Gariplik diz boyu. Bir Dürzî heyeti daha önce kendileri için cellat
kesilmiş HTŞ lideri Ebu Muhammed el Colani’yi ziyaret edip
‘dayanışma görüntüsü’ veriyor. Colani’nin inandığı din, Dürzîleri
‘mürted’ sayıyor. İbn-i Teymiyye’nin fetvalarına binaen Dürzîler
için “Katli vaciptir” diyenler Dürzî öfkesini sahipleniyor! Bazı
muhalifler Dera’dan Süveyde’ye girip yeşil-beyaz-siyah şeritli
bayrağı gösterme fırsatını kaçırmıyor. Londra merkezli Suriye İnsan
Hakları Gözlemevi (SOHR) 8 Eylül’deki son Cuma gösterisini
“Barışçıl halk hareketinin başlangıcından bu yana en büyük gösteri”

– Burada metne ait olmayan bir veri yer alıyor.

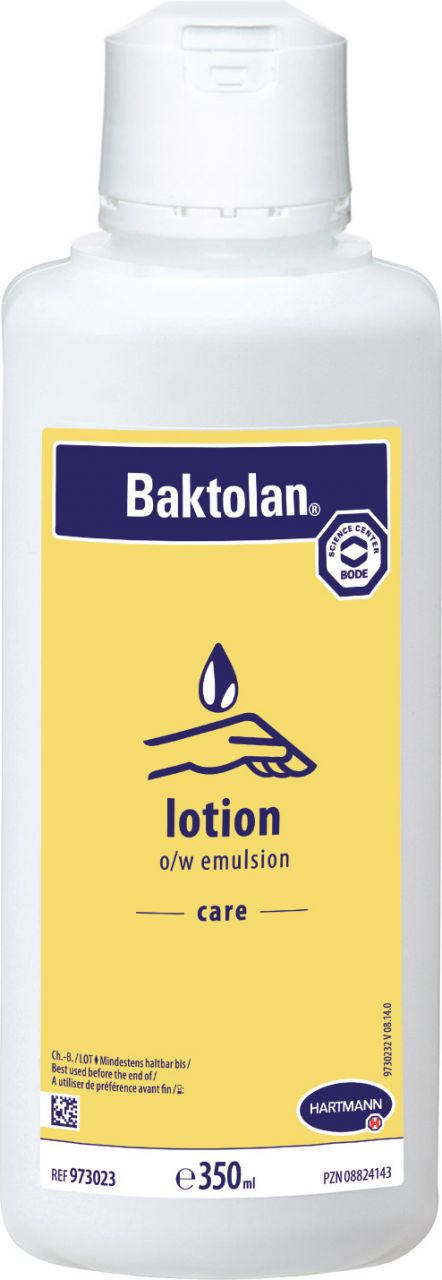 Baktolan lotion Pflegelotion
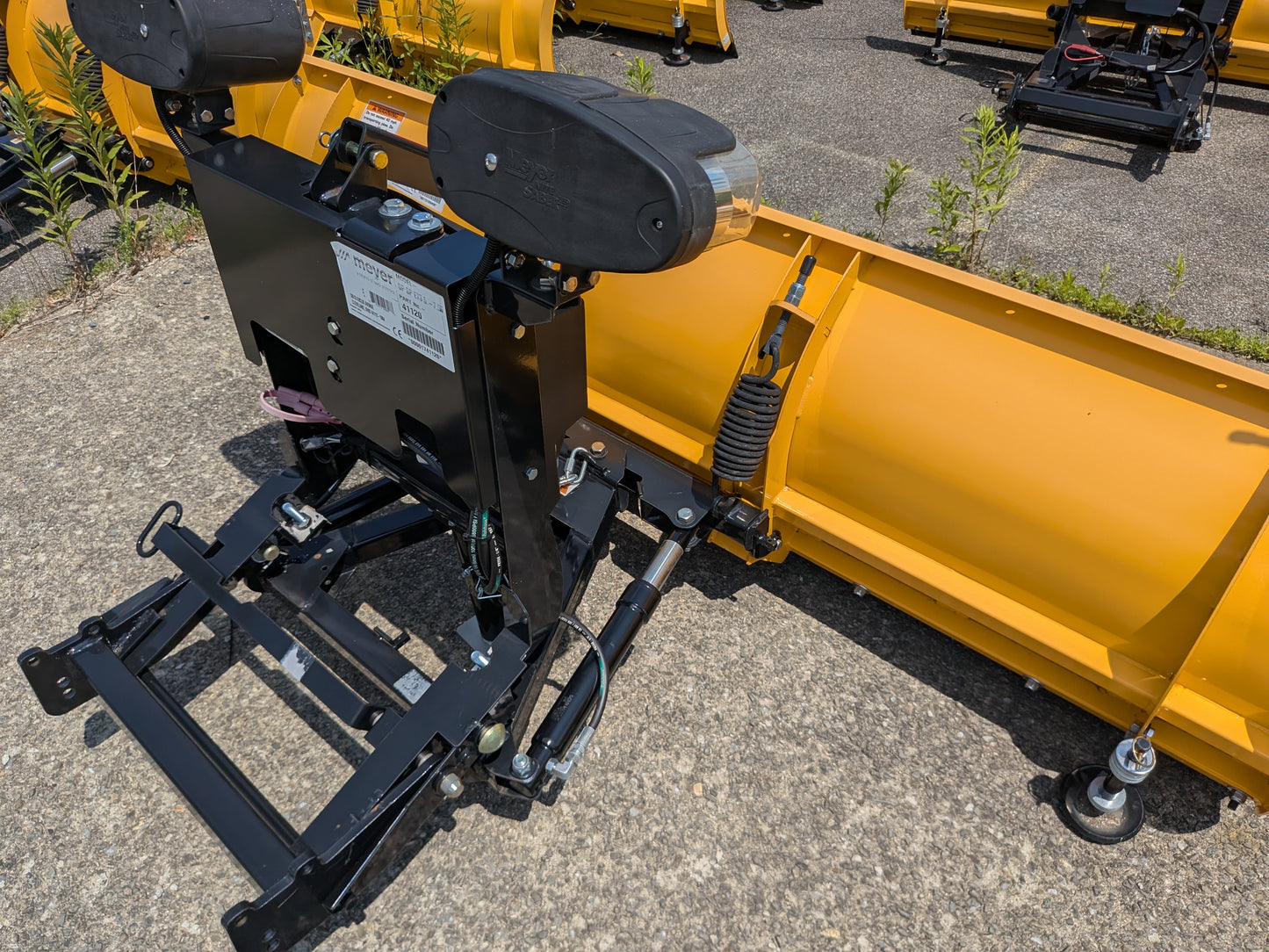 Drive Pro IM 7'6" Plow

olarak sundu. Bu gösteriler Amerikan Kongre üyelerinin kafalarına
taş düşmüşçesine Türkiye’nin kontrolündeki muhalifleri ziyaret
etmesine de denk gelince “devrim” ateşinin sönmediğine dair
görüntüler hâlâ para ediyor olabilir. Deralı grup gösterilerin
ulusal olduğunu ve tüm muhalefeti kapsadığını göstermek için
Süveyde’ye gittiklerini anlatıyor. Bu düştüğü yerden kalkacak bir
dal aramaya benziyor.
***
Süveyde’nin aktörleri Dürzîler. Ülke nüfusunun yaklaşık yüzde 3’ünü
oluşturan Dürzîler Süveyde’de yüzde 90 oranında çoğunlukta. Geri
kalanların yüzde 7’si Hıristiyan, yüzde 3’ü Sünni. Cebel el Dürzî
(Dürzî Dağı) ya da Cebel el Arab (Arap Dağı) olarak da anılan Horan
bölgesi, 2011’de yönetime karşı isyan patlak verdiğinde üçüncü yolu
tutturmuştu. Sistemde reform isteseler de Özgür Suriye Ordusu’nu
(ÖSO) bölgeye sokmadılar. Ama Kürtler gibi kontrolü ele alıp
özerklik yoluna da girmediler. Halbuki Fransızların 1922’de ilan
ettiği 5 devletten biri olan Dürzî Süveyde Devleti’ni kışkırtıcı
bir şekilde hatırlatanlar da az değildi.
İhvan ve türevlerinin iktidar olduğu bir gelecekte nasiplerine
kılıç altında bir kader düşeceğini biliyorlardı. Ürdün’den beslenen
güney cephesinin diğer kanadı Dera, isyanın ilk evresinde
simgeleşirken Süveyde temkinliydi. Çok geçmeden İslamcılar
kendilerini neyin beklediğini gösterdi. Suriye cehennem yerine
dönerken Şam taraflarında yaşayan Dürzîleri ve Sünnileri güvenli
bölge olarak kendine çekti. Fiili nüfusu daha da arttı.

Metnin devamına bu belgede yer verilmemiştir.